- [Task requirements] Apart from the pictures, write out all the records exactly.

(Records from a dataset)

◇ ◇ ◇ ◇

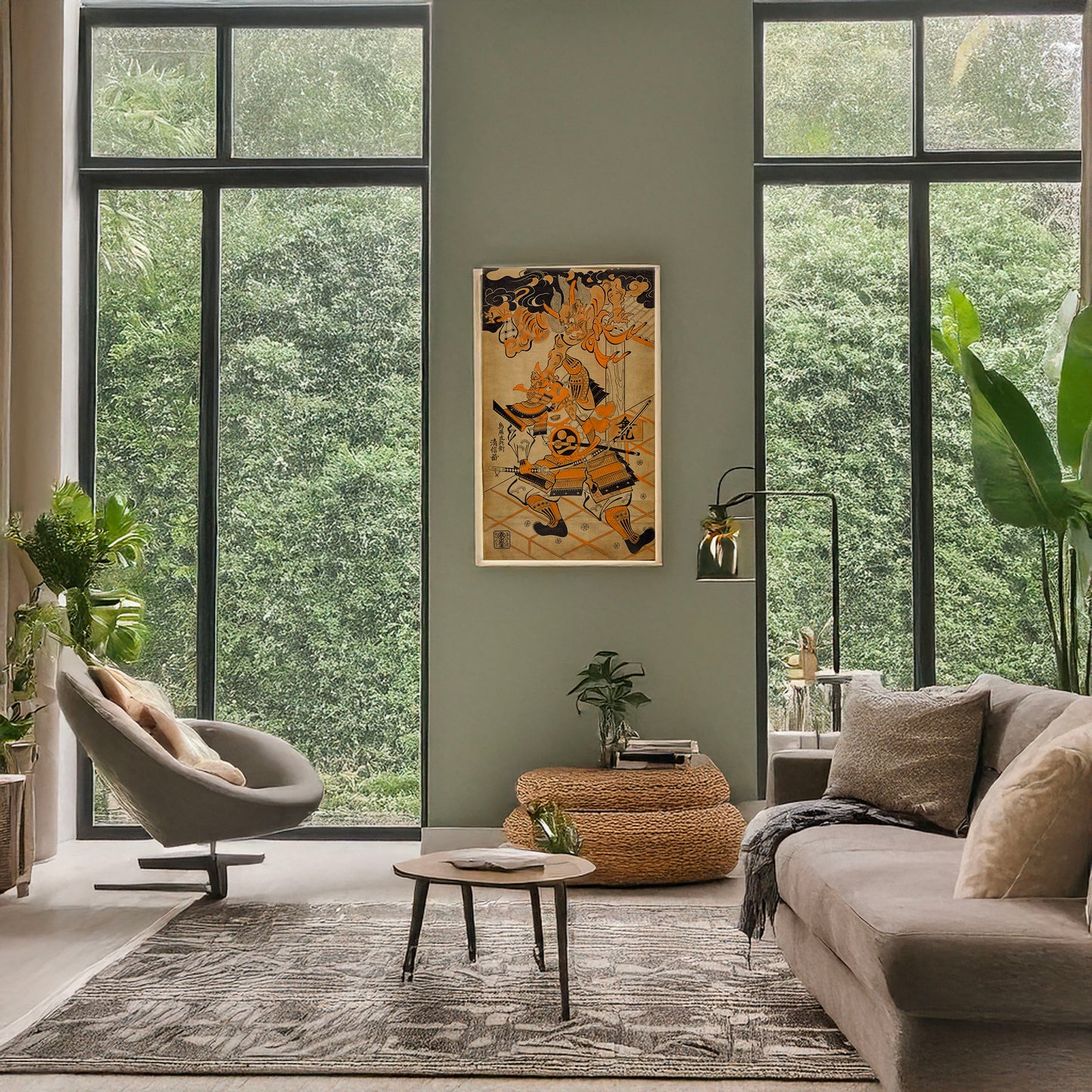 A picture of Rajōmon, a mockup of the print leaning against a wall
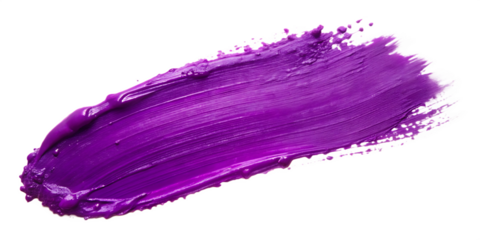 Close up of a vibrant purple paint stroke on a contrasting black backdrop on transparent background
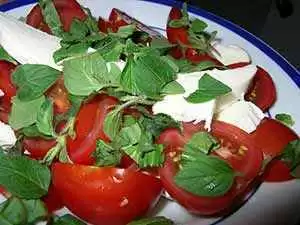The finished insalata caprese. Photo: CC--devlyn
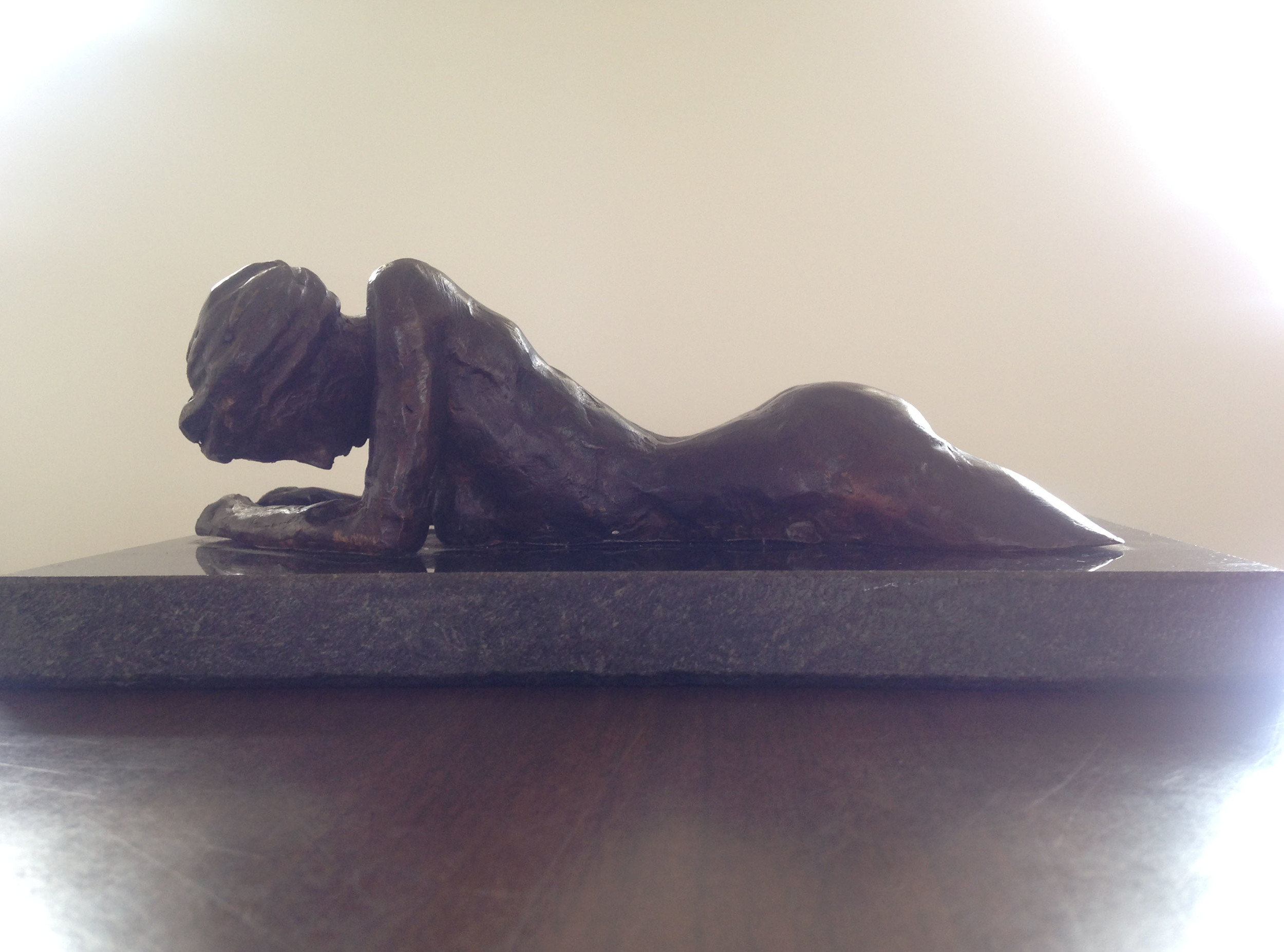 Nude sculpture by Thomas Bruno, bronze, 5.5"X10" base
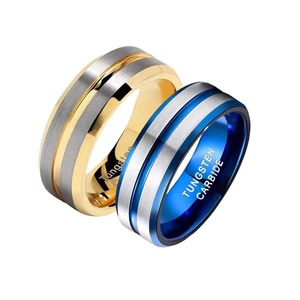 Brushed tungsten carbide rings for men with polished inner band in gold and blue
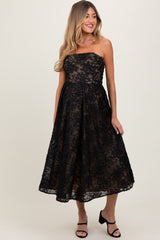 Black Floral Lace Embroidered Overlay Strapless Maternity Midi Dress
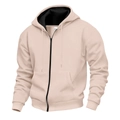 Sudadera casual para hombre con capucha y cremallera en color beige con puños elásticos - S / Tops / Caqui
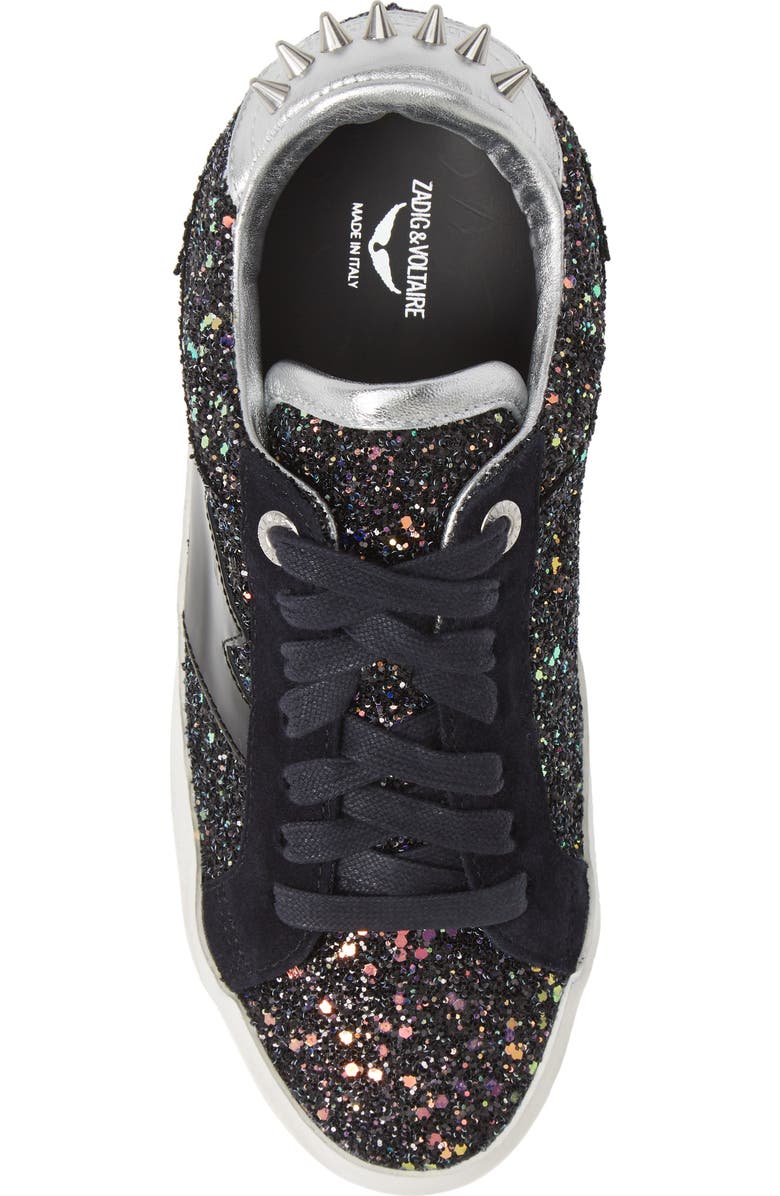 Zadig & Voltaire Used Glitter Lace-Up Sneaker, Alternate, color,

◇ ◇ ◇ ◇

- [Output below]
 A picture of Rajōmon, a mockup of the print leaning against a wall
 Close up of a vibrant purple paint stroke on a contrasting black backdrop on transparent background
The finished insalata caprese. Photo: CC--devlyn
 Nude sculpture by Thomas Bruno, bronze, 5.5"X10" base
 Brushed tungsten carbide rings for men with polished inner band in gold and blue
 Black Floral Lace Embroidered Overlay Strapless Maternity Midi Dress
 Sudadera casual para hombre con capucha y cremallera en color beige con puños elásticos - S / Tops / Caqui
 Zadig & Voltaire Used Glitter Lace-Up Sneaker, Alternate, color,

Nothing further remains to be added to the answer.